Apple should throw out this mess and replace it with something dramatically better, like, for example, Windows Modern. Apple could redeem themselves slightly, by switching to monochrome, so at least getting rid of the colour confusion. But really, though, I can’y believe, after god knows how many decades of user interfaces, that Apple are so utterly stuck in the past.
In these screenshots, you’ll see that I’ve put the tiles on my 950 XL to the left of the screen. This is actually so I can quickly shove the phone in my pocket without starting a random app, when, for example, a ticket inspector suddenly appears over my shoulder. I cannot do that on the iPhone 11.
You’ll see immediately that the icons on the 950 XL are pretty much colour consistent (I chose the blue). You’ll see that no space is wasted between the icons, because they actually look good, and fit, together. None of this is true with the iPhone.
You’ll see that I’ve made the calendar tile bigger than other items. Indeed, it is possible to make tiles rectangular, larger and smaller. You’ll see that there’s an entry to be read on my calendar. Indeed, many apps offer quick summaries on a large tile. You’ll see that I’ve placed some file in a tale at the bottom. It is very easy, on the 950 XL, to arrange things to appeal to your eye, so you are quickly drawn to what’s important to you. None of that is possible on an iPhone.
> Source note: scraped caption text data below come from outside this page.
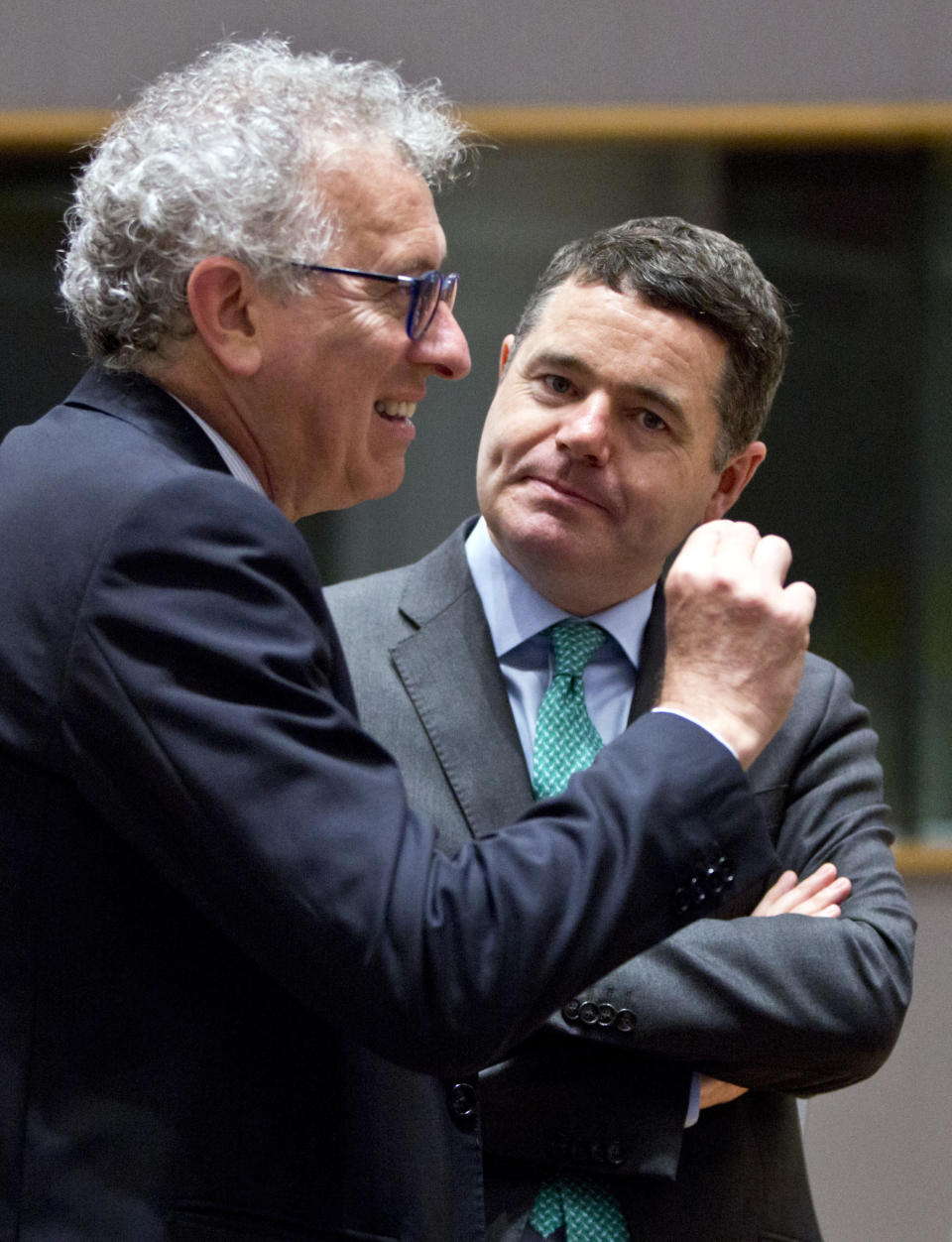 FILE - In this Friday, May 25, 2018 file photo, Luxembourg's Finance Minister Pierre Gramegna, left, speaks with Irish Finance Minister Paschal Donohoe during a meeting of EU finance ministers at the Europa building in Brussels. The powerful group of countries using Europe's single currency will choose a new president on Thursday, July 9, 2020, with three candidates vying for the challenging task of leading the 19-nation bloc out of the deepest economic recession in decades. The candidates for Eurogroup president are Spain's Economy Minister Nadia Calvino, Irish Finance Minister Paschal Donohoe and Luxembourg's Finance Minister Pierre Gramegna. (AP Photo/Virginia Mayo, File)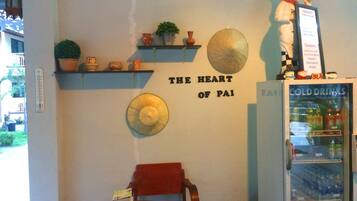 A restaurant interior with a wall-mounted sign reading "THE HEART OF PAI," a small table with a stack of books, a red chair, and a refrigerator labeled "COLD DRINKS."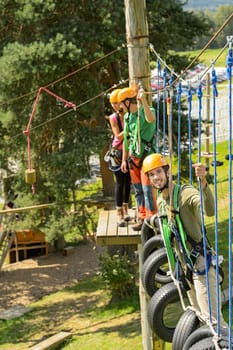 Adventure park visitors climbing on rope ladder adrenalin leisure time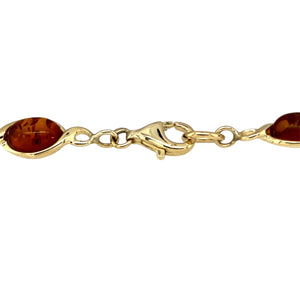 Preowned 9ct Yellow Gold & Amber Set 6.75" Bracelet with the weight 6.10 grams. The amber stones are each 8mm by 6mm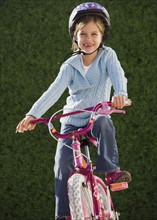 Girl riding bicycle.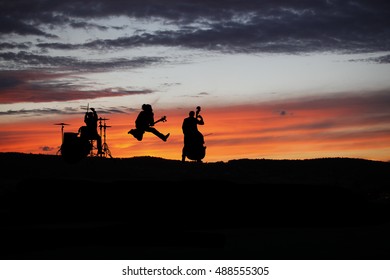 Band Performing Live During Sunset At Outside Concert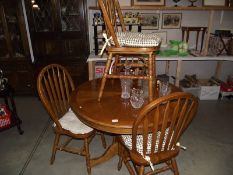 An oak dining table and 4 chairs.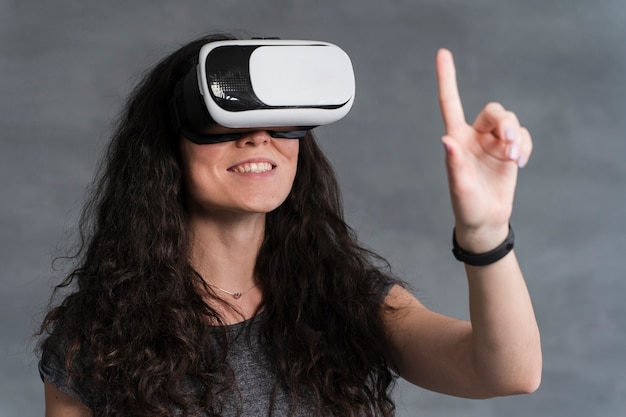 Mujer disfruta usando el vr y levantando una mano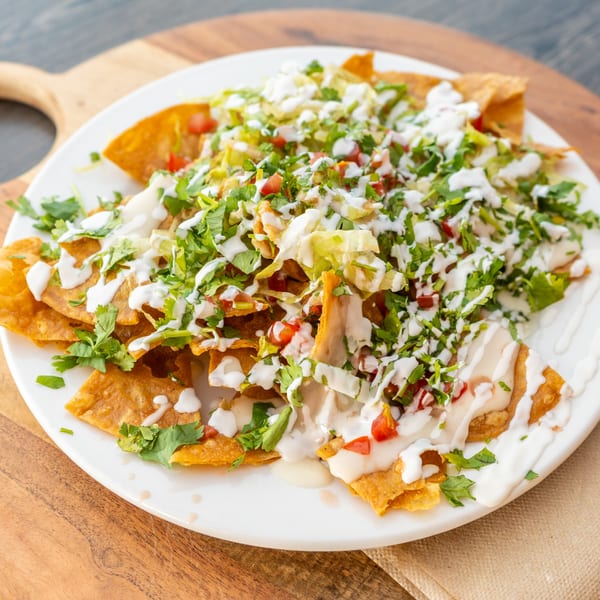 Crispy golden tortilla chips topped with fresh lettuce, tomatoes, cilantro, and creamy white sauce.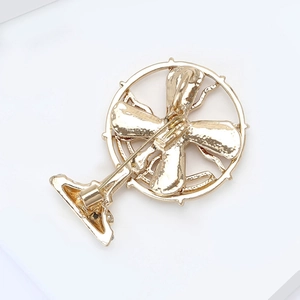 Detailed back view of vintage electric fan brooch with secure pin clasp mechanism
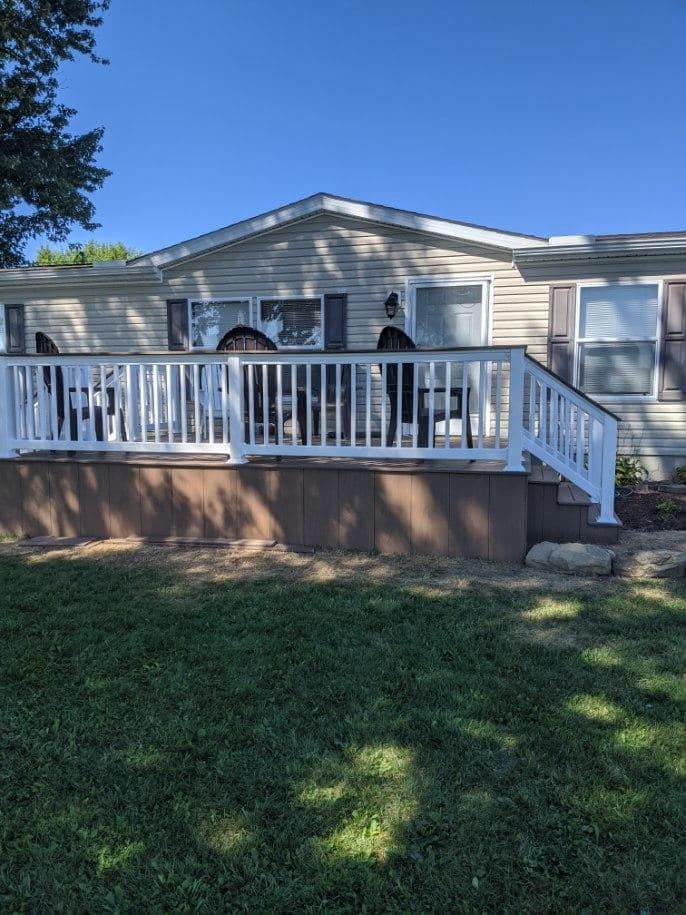 A house with a white deck, brown siding, and grass in the foreground under a clear sky.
You’ll notice some of the icons look like they contain multiple things. That’s one thing that is true on the iPhone. However, on the Lumia, I can put as many objects as I like in a container, and they’ll all visible when the folder is opened, and in fact the surrounding objects remain active. The iPhone limits a folder to nine objects, otherwise you have to turn the folder’s page over to get to more of them. The iPhone tries to copy the idea from Windows, and gets it so utterly wrong.
Windows does not force me to put all apps on the front. I keep rarely used apps off the front screen. In fact, the Windows 10 phone a second interface to apps, an alphabetical list, which allows me to find something by name. The alphabet is something that is beyond the ken of Apple, judging by their deeply appalling podcast app.
The very fact that the dreadful Apple user interface is pretty well copied in Android, and that Windows is no longer available on phones, screams design cartel to me. The iPhone interface design is dismal shite, yet it won. There is no way that it could have won fairly. Having said that, Microsoft is not famous for fair competition practices. Clearly the problem is the market, and more to the point its regulation, not the software manufacturers. Shite should never destroy quality.
In these images, I’ve done what I can to tidy up the Apple presentation of apps. I wish I could do a lot more. Unmodified, it presents a continuous sequence of apps in random order, without colour coördination, form variation, or anything to help their visually. I cannot do anything that I did on my Windows phone, unfortunately, so it is not possible on an iPhone 11 to create a properly usable app launcher. Having worked with a genius, I now have to work with a lazy self–entitled daddy’s boy.
In other words, here, Microsoft wins utterly.